RAID1 provides redundancy by completely 'mirroring' a drive with another drive. The drives normally operate 'in parallel' so every time one is updated the other is updated exactly the same. If one drive fails, the mirror is there to take over with no loss of data or performance. It's simple, uses 50% of disk capacity for redundancy, and provides no performance increase.
Please google for details of higher-level RAID. This next is quick rule of thumb:
RAID3 and Up use different techniques to provide redundancy, like 'data striping' and 'excess parity'. The major principle for higher-level RAIDs is: if we spread data across an array of drives we don't need to mirror _all_ the bits to keep operating if one drive in the array fails. RAIDs write only enough 'parity data' or Hamming code, or other code on one of the other disks to reconstruct the data missing if a disk drive fails or develops a bad cylinder.
The 'cost' in storage space to achieve greater reliability is approximately the capacity of one drive in the array. For example, in a RAID3 with 5 disks of 1 TeraByte each the total storage available to the operating system would be approximately 4 TeraBytes, only 20% of the drives' capacity is used to provide redundancy. Compare this with a RAID1, with a mirrored pair of disks, which uses 50% of the drives' capacity for redundancy.
Some higher-level RAIDs with more disks offer a significant performance benefits relative to single drive or RAID1 because there are more read/write heads active so more than one cylinder may be updated at a time.
RAID10 is widely used, where two RAID1s are deployed in parallel. This is a simple scheme to implement and operate even though 75% of the drive space is given to redundancy. HDD/SDD are cheap today, every increment of reliability is valuable in a mission-critical system, and simpler solutions are less likely to gang awry. RAID10 also enhances performance in some applications because they can read/write to more than one cylinder at a time.
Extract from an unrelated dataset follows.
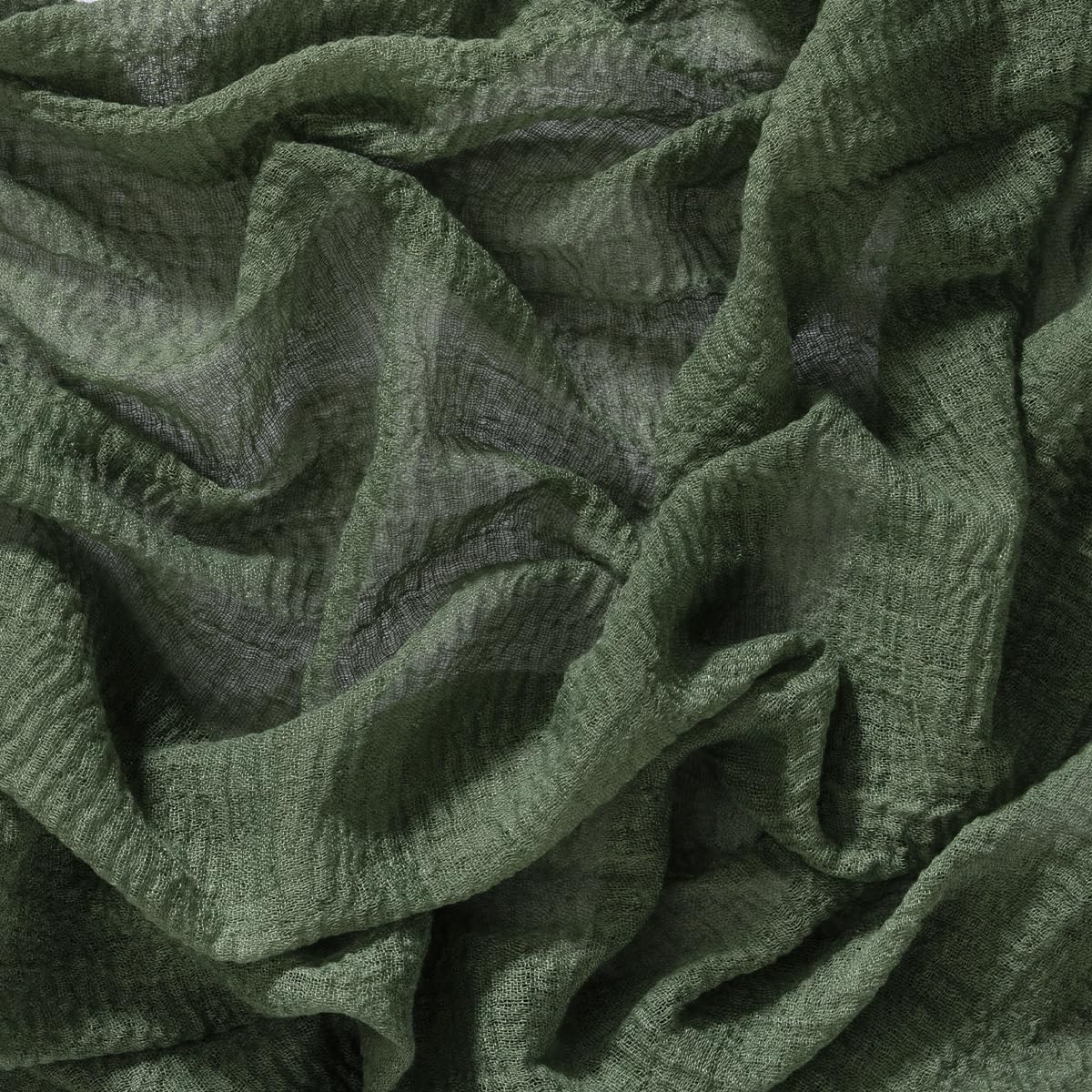 Socomi 6pcs Green Cheesecloth Table Runner Olive Fall Thanksgiving Gauze 120 Inch Rustic Boho Cheese Cloth Runner for Wedding Party Baby Bridal Shower Centerpiece Decoration Holiday Home Decorations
Look at Wikipedia and other references about RAID if you're interested in the details of exactly how the several RAID levels differ.
RAID does not replace the need for offsite transaction logging and backup! RAID does not replace remote warm or hot sites and parallel operations. RAID1 and higher can make disk storage much more reliable than stand-alone drives but it does not replace backup or transaction logging. There are several ways a RAID may fail or lose data, from a failed RAID controller through a clumbsy or malicious employee who destroys data using the File Explorer or command line.
The #1 rule for transaction logging and backup is that the log and backup media must be off-site, preferably some distance from the system they backup. In the event of a building or regional disaster or theft a local RAID is as likely as the rest of the system to be lost or stolen. RAID levels 1 and higher are to improve reliability, performance, and mitigate risk of loss of availability, NOT to provide backup.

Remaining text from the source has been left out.